I let you guys specifiy the appropriate component to report the bug on (spamassassin?). About Cinéma.ca being a link in MUAs, not in Thunderbird. Outlook makes a link if it is prefixed by http[s]. While I'm at it (could be another bug or feature request), urls of the form http://www.startof adomain.com shouldn't match adomain.com as it does now. It's causing quite a few FP with multi.uribl.com.
a few other FPs: "QuébecRencontres.com" matches becrencontres.com a weird one: "He told me.well.in fact, he didn't say much" matches well.in (why is the html code containing me...well... but the dots vanished from the txt version? a bug in hotmail composer I suppose). For the latest case what about validating www. when there's no http:// ? I don't think MUAs make links of non http nor www. uris.

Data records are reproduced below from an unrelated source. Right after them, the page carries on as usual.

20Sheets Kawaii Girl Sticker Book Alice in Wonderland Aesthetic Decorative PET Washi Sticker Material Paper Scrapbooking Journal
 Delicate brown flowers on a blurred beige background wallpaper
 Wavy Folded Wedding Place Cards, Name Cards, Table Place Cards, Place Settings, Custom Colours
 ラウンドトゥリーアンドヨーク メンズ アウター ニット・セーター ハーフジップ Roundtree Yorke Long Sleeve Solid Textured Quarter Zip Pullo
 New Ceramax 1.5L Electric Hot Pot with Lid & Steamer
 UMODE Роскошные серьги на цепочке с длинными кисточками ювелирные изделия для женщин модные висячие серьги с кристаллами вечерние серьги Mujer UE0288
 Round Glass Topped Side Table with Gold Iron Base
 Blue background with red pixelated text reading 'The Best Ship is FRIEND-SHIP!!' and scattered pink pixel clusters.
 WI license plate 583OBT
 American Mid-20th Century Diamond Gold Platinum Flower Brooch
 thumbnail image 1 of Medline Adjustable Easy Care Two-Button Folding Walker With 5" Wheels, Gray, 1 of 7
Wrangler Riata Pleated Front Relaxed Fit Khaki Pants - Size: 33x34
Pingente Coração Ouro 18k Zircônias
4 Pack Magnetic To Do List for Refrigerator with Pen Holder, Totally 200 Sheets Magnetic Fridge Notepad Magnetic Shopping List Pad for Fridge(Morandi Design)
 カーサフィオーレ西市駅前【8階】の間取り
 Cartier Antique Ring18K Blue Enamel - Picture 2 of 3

(In reply to comment #4) > a weird one: > "He told me.well.in fact, he didn't say much" matches well.in (why is the html > code containing me...well... but the dots vanished from the txt version? a bug > in hotmail composer I suppose). > For the latest case what about validating www. when there's no http:// ? I don't > think MUAs make links of non http nor www. uris. The issue is spam that says "type gotofoo.com in your browser" ... we're trying to catch that. What this comes down to is: - do we limit ourselves to www.* strings? - do we limit ourselves to old-school TLDs? (.com, .net, etc.) - do we limit ourselves to obvious URLs only (https?://) - do we not bother and have people complain that we don't catch this type of thing?
(In reply to comment #5) > What this comes down to is: > > - do we limit ourselves to www.* strings? > - do we limit ourselves to old-school TLDs? (.com, .net, etc.) > - do we limit ourselves to obvious URLs only (https?://) > - do we not bother and have people complain that we don't catch this type of thing? A balance of each? catching http://anything or www.old-schooltld and validating that there is no starting part ending the previous line (in case of improper line jump) would be nice. I hate spam as much as you guys but false positives are also very annoying.
Improved with latest commit, schemeless parser will only match pure alphanumeric now. Sending spamassassin-3.4/lib/Mail/SpamAssassin/PerMsgStatus.pm Sending trunk/lib/Mail/SpamAssassin/PerMsgStatus.pm Transmitting file data ..done Committing transaction... Committed revision 1865612.